The targeting of reporter Taylor Lorenz started a day after the International Women’s Media Foundation announced that it was starting a new resource center for journalists subject to online abuse.
Lorenz, a technology reporter who covers internet culture for the Times, on Tuesday had tweeted her followers to consider supporting women who were enduring online harassment.
“It’s not an exaggeration to say that the harassment and smear campaign I’ve had to endure over the past year has destroyed my life,” she tweeted. “No one should have to go through this. The scope of attack has been unimaginable. It has taken everything from me.”
Carlson pointed out the tweet that night on his show, which usually reaches between 3 million to 4 million viewers each weeknight. He cited her as a privileged person claiming victimhood.
“Destroyed her life?” he said. “Really?

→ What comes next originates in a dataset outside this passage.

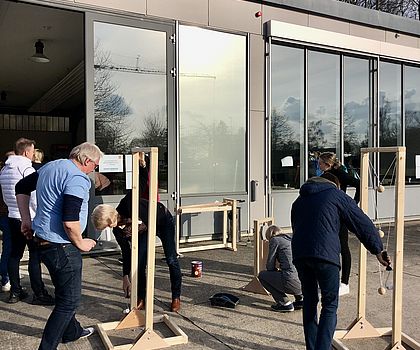 Lehrkräfte lasieren die gebauten Projekte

By most people’s standards Taylor Lorenz would seem to have a pretty good life, one of the best lives in the country, in fact.”
Carlson was supported by journalist Glenn Greenwald, an occasional guest on his show. Greenwald wrote that someone involved in polarizing debates should expect pushback. “It’s still just online insults,” he tweeted. “That’s not persecution.”
Carlson and the Times have a history. Last summer, he said on the air that the Times was working on a story about his house in Maine. He broadcast the names of the journalists supposedly working on the story, and they later said they had been subject to online abuse and, in one case, an attempted break-in. No Times story was written about Carlson’s Maine house.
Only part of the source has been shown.